There are two things that are very interesting and to which I want to refer in support of these amendments, because the text the amendments are seeking to remove is dangerous. An increasing body of empirical research from other jurisdictions, including Britain, New Zealand, Australia, etc., is beginning to demonstrate that so-called mixed-tenure approaches to housing, such as Part V, for example, increase social exclusion and segregation within the housing estates. We all know of examples in our own communities where 10% social housing has not produced integration or inclusion but has exacerbated the divisions. I can think of one housing estate in my own constituency in which the local authority tenants are not entitled to sit on the management company because they are not owner-occupiers and, therefore, have no role in any of the discussions or decision-making. There is simply no research. I challenge the Minister of State and his officials to point us towards or provide us with empirical research in Ireland or Britain that suggests tenure has anything to do with the quality of the estate. I know monotenure estates that are great places to live and that are challenging places to live. I know mixed-tenure estates that are great places to live and that are challenging places to live. What really matters is income mix, the quality of housing stock and the integration of housing with services, etc.

This section relates, for example, to Ballymun. As we know, in Dublin City Council's development plan, there is a restriction on new social housing development in Ballymun because of a belief that there has been an over-concentration of social housing. The consequence of that is that the young, working-class people growing up in that community who want to remain there do not have the option to do so. Not only do they have the disadvantage, as do people on social housing waiting lists everywhere, of having to wait for ten to 14 years for an allocation but they will not get an allocation in that area because no new social housing is being provided. If the Government wants to increase the income mix in communities, that clearly cannot be done by restricting new social housing. It must be done by increasing the provision of affordable purchase and affordable rental or, as Deputy O'Donoghue has suggested, by widening the income bands, which has been partially done already. There is simply no justification for the continued use of mixed tenure as an argument for counteracting segregation.

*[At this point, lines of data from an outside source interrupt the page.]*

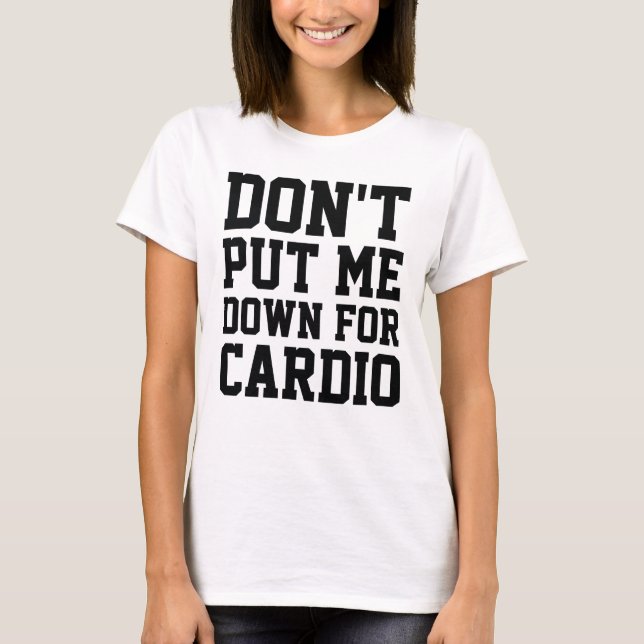 Don't Put Me Down For Cardio T-Shirt (Front)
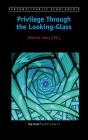 Privilege Through The Looking-Glass - Preview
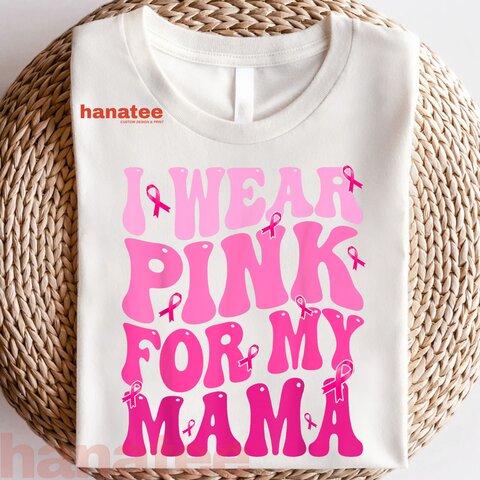 I Wear Pink For My Mama Breast Cancer  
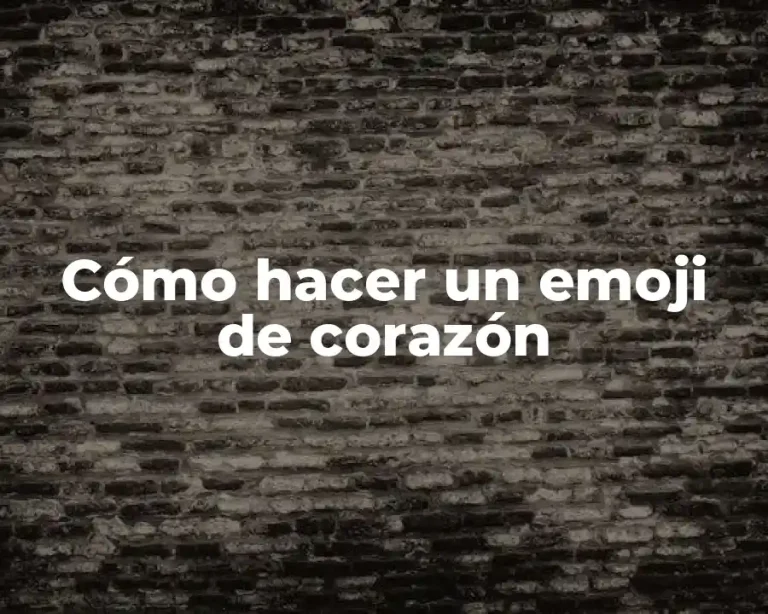 Cómo hacer un emoji de corazón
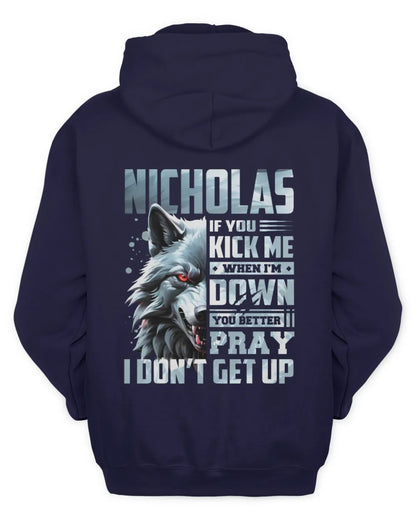 NICHOLAS AP62-K4-666 - Personalized Fierce Wolf Quote Apparel “If You Kick Me When I’m Down, You Better Pray I Don’t Get Up” - Unisex Hoodie - Navy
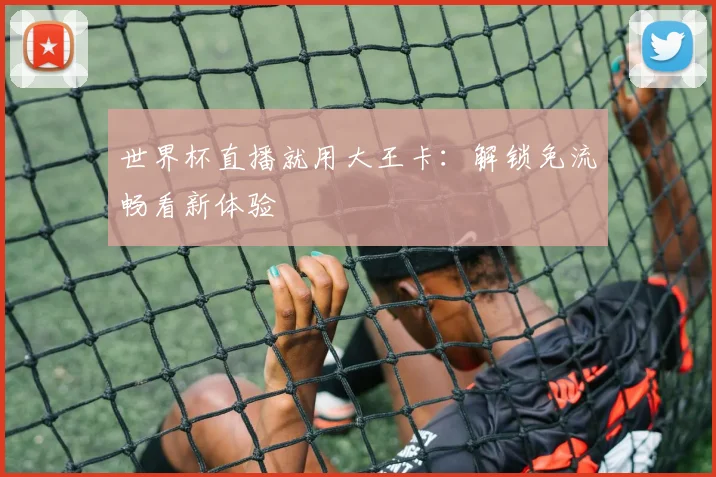 世界杯直播就用大王卡:解锁免流畅看新体验
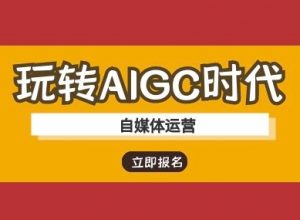 玩转AIGC时代-自媒体运营ai教程-云享网创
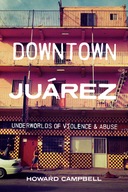Downtown Juarez: Underworlds of Violence and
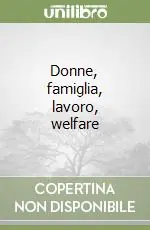 Di Tendenza Donne, famiglia, lavoro, welfare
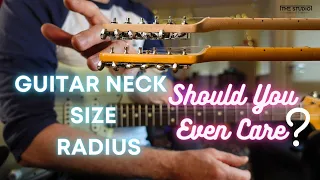 Guitar Neck Size And Radius - Should You Even Care?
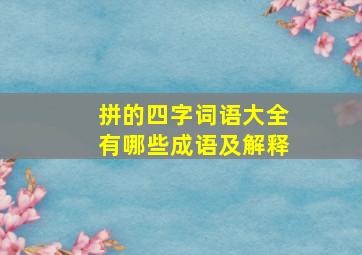 拼的四字词语大全有哪些成语及解释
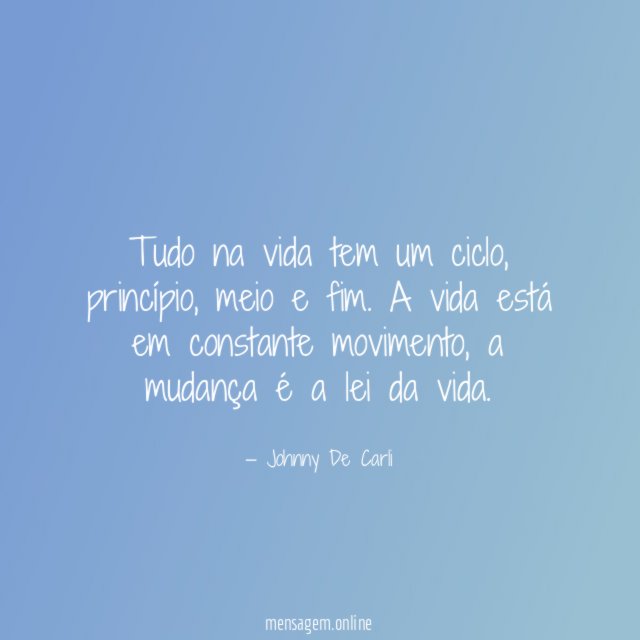 Tudo na vida tem um ciclo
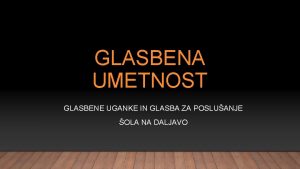 GLASBENA UMETNOST GLASBENE UGANKE IN GLASBA ZA POSLUANJE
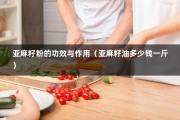 亚麻籽粉的功效与作用（亚麻籽油多少钱一斤）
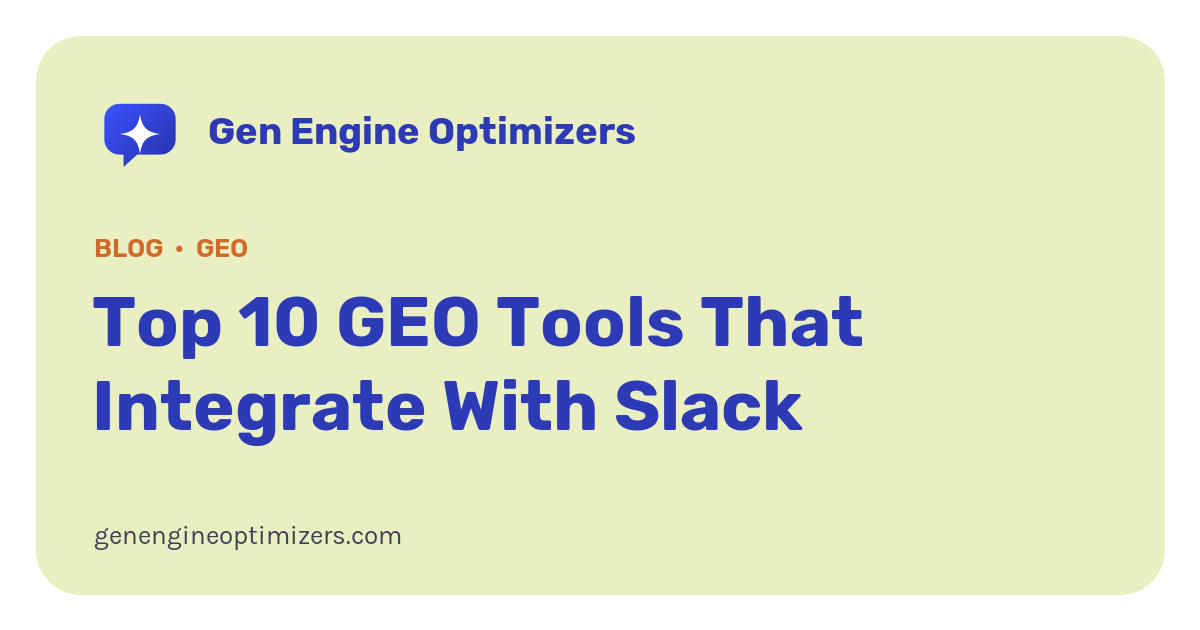 Top 10 GEO Tools That Integrate With Slack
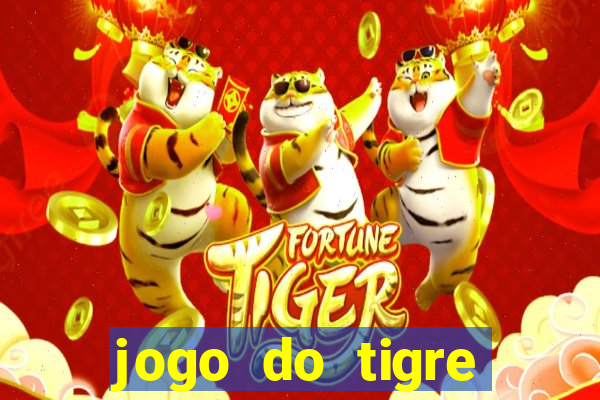 jogo do tigre pagando muito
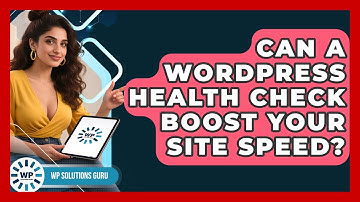Can A WordPress Health Check Boost Your Site Speed? - WP Solutions Guru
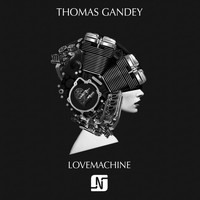 Thomas Gandey - Lovemachine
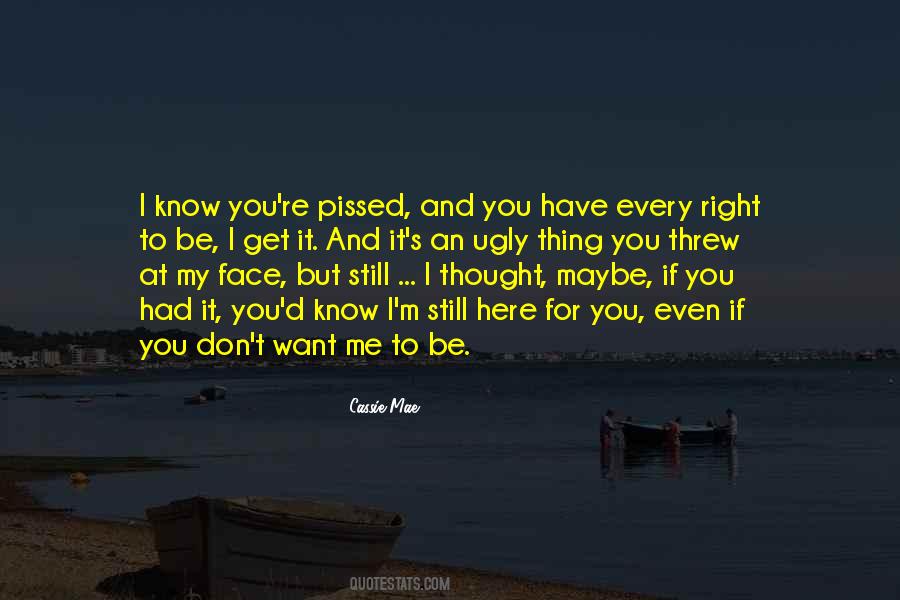 You're Still Here Quotes #1600510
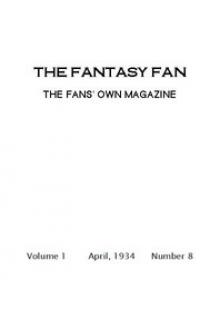 The Fantasy Fan April 1934 by Various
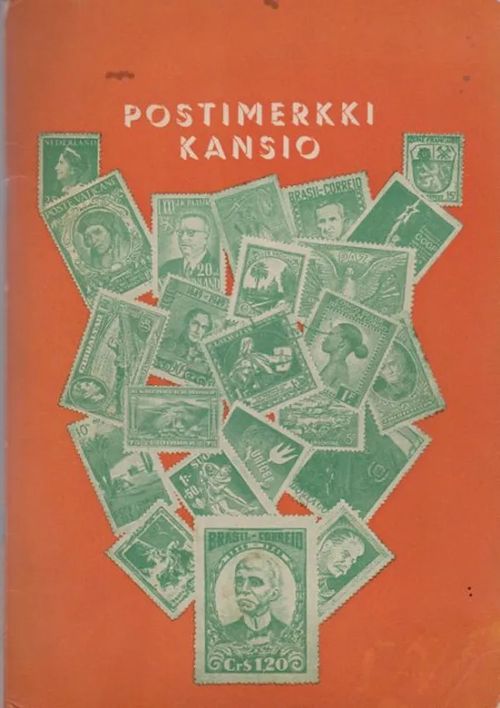 Postimerkkikansio no 21 | Antikvaarinen kirjahuone Libris | Osta Antikvaarista - Kirjakauppa verkossa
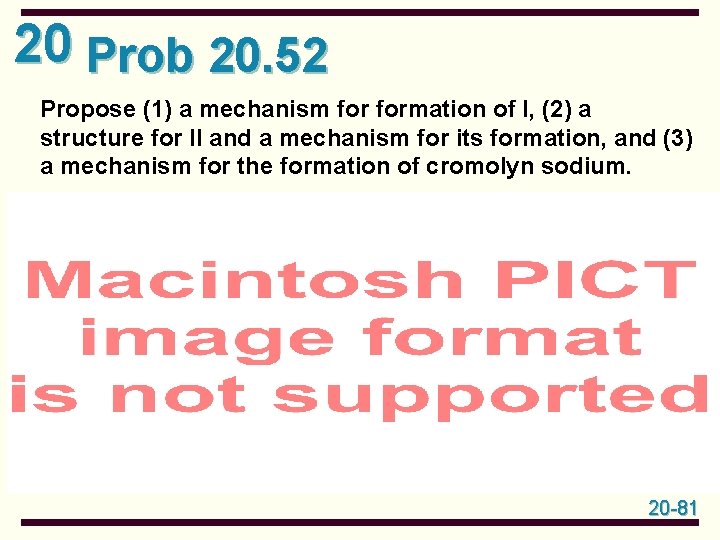 20 Prob 20. 52 Propose (1) a mechanism formation of I, (2) a structure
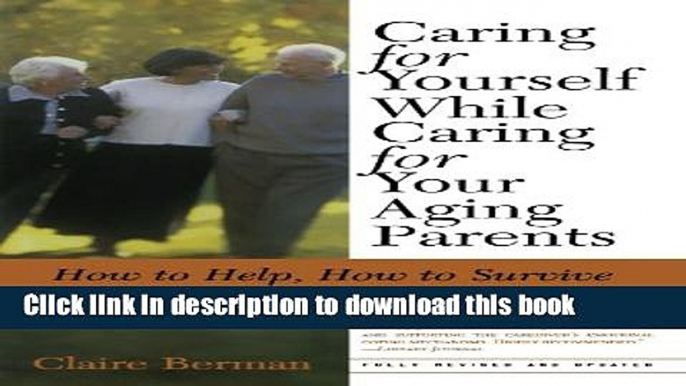 Read Caring for Yourself While Caring for Your Aging Parents, Third Edition: How to Help, How to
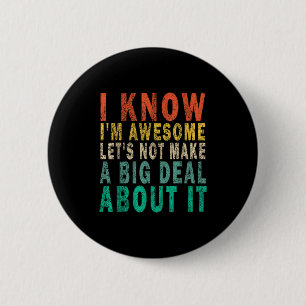 Badge Rond 5 Cm Je sais que je suis génial, n'en faisons pas tout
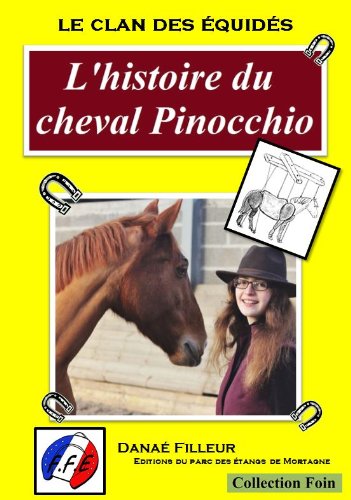 Le clan des equides, l'histoire du cheval pinocchio book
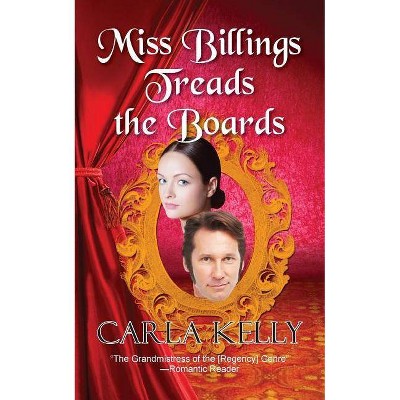 Miss Billings Treads the Boards - by  Carla Kelly (Paperback)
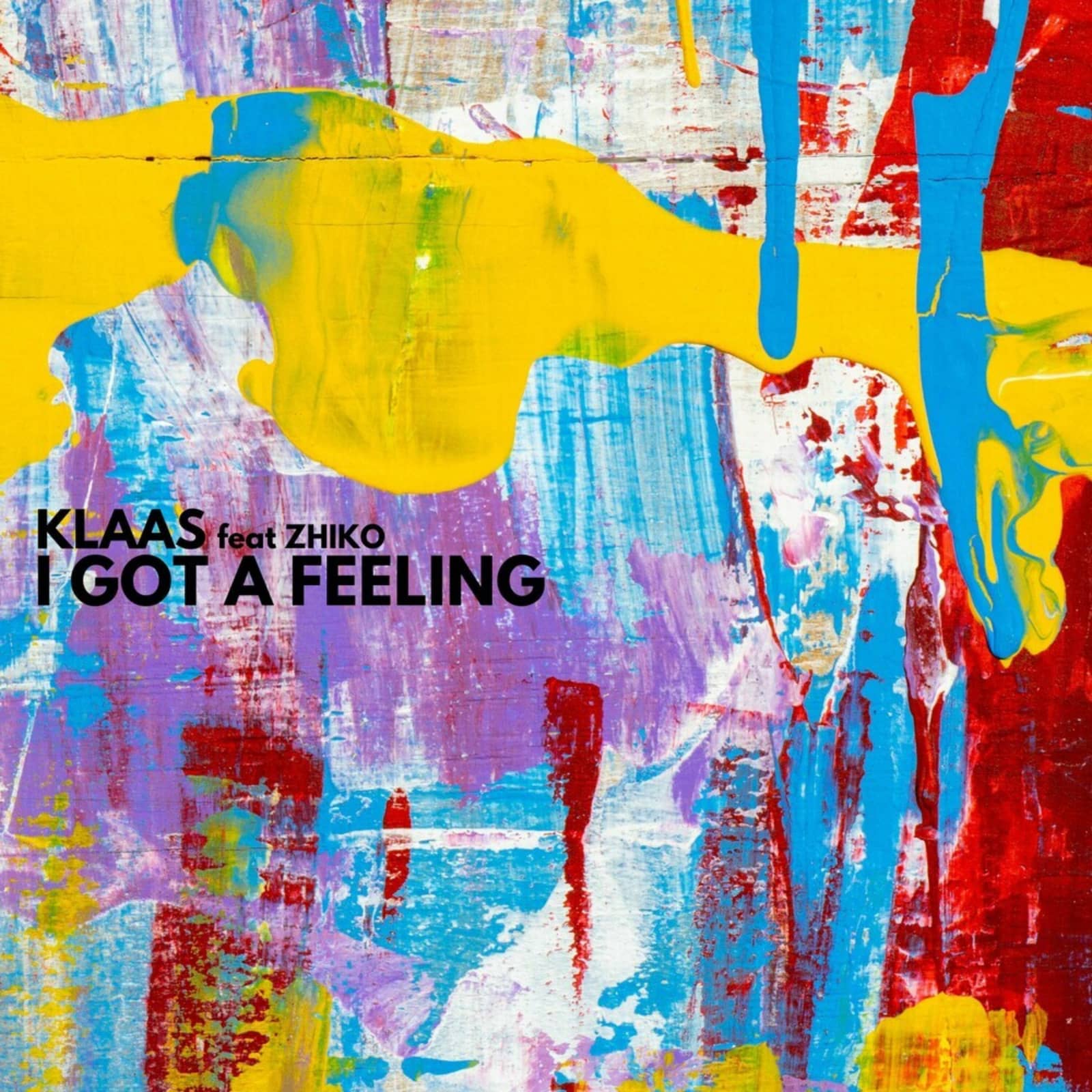 Klaas feat. Zhiko — I Got A Feeling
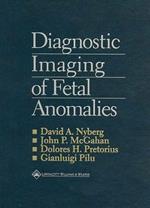 Diagnostic Imaging of Fetal Anomalies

My final point is important from a policy point of view. If one was to talk to Focus Ireland about the individuals with which it works who have made the transition from long-term homelessness into Part V social housing in mixed-tenure estates, its representatives would say that the experience of many of its clients now in secure tenancies is that they are completely isolated and segregated within the estate. The research of Dr. Fahey, Ms Norris and Mr. O'Connell showed clearly that one of the great values of monotenure is that it creates a cohesion underpinning the relationships between all of the different residents and, in the instance of local authority housing, the local authority. Mixed income can be achieved within local authority estates by allowing tenant purchase, etc., and some of our best and most settled social housing estates are those that have a significant portion of tenant purchase, where the tenants have remained and we have intergenerational security of tenure. I am sure the Minister of State could name estates in his own constituency that are like that. This is an opportunity for us to say that the dogma of mixed tenure has no basis in fact and to take it out of legislation and policy and allow the decisions around the volume of social and affordable housing be based on one thing and one thing only, that is, need. Let us put the focus on making sure we meet that need through mixed income public housing estates rather than continuing the failed policy of residualisation and narrowing the possibility for the scope of housing in areas where it is needed. Ballymun needs more social housing. It also needs far more affordable homes to rent and purchase, and this provision, for an area such as Ballymun and others, will continue to perpetuate problems that discriminate against and disadvantage people in those areas who are waiting for social housing allocations.

Some very good points have been made. I thank Deputy Boyd Barrett for bringing forward these important amendments. There is a monotenure estate, which I will not name, in Coolock in my constituency. The residents there will tell you there are high achievers there. The estate is 40 or 50 years old, and many of the kids who grew up there, who are now 30 years old, went on to fulfil high achieving roles across different sectors of Irish society. The estate is quite small. The residents there put that down to the monotenure housing, which they say made it a very cohesive to grow up and a very cohesive community because people were coming from similar income backgrounds. I am not making a case for or against monotenure development but my experience as a representative is that the key issue that determines whether a community is successful is not whether it is a monotenure or mixed-tenure development, or the income in the community, but is all about how the area is planned and designed and what amenities or facilities there are. That is critical. The communities I represent that struggle the most are in areas where there have been failures in respect of those factors. That includes some communities where there are some quite high incomes, incidentally, but if community infrastructure is not put in, the community will face a considerable number of challenges. There is no question about that. There are also a number of low-income communities in my constituency but the ones that are well designed, have good facilities and good community infrastructure, perform far better than the ones where there has been poor design and planning and a lack of facilities and amenities. That has been documented by various studies.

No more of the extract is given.